- EXERCISE GOAL -
The string "White" appears in some lines of the entries that follow; copy each such line.

- Source records -

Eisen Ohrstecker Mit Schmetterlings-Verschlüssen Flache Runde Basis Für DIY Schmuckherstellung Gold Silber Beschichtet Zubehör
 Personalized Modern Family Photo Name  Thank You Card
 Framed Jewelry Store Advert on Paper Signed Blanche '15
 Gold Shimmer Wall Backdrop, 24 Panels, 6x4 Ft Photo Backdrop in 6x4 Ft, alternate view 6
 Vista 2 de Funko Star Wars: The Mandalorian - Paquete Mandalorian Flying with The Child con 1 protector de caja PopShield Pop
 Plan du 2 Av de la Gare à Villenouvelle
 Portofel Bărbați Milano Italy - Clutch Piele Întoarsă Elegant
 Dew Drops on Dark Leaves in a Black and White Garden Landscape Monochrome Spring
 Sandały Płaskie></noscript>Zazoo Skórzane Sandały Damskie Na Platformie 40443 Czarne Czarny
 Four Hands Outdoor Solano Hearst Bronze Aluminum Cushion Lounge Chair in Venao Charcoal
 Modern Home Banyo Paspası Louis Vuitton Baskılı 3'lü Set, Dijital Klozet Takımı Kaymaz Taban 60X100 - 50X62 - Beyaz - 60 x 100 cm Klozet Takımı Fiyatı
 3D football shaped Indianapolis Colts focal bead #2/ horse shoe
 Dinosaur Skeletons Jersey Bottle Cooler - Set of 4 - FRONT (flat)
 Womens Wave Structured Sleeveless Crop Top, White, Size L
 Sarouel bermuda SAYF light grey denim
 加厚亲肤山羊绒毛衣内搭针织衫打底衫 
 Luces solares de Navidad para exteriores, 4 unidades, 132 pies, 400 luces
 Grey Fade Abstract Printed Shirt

- EXERCISE OUTPUT -
 Dew Drops on Dark Leaves in a Black and White Garden Landscape Monochrome Spring
 Womens Wave Structured Sleeveless Crop Top, White, Size L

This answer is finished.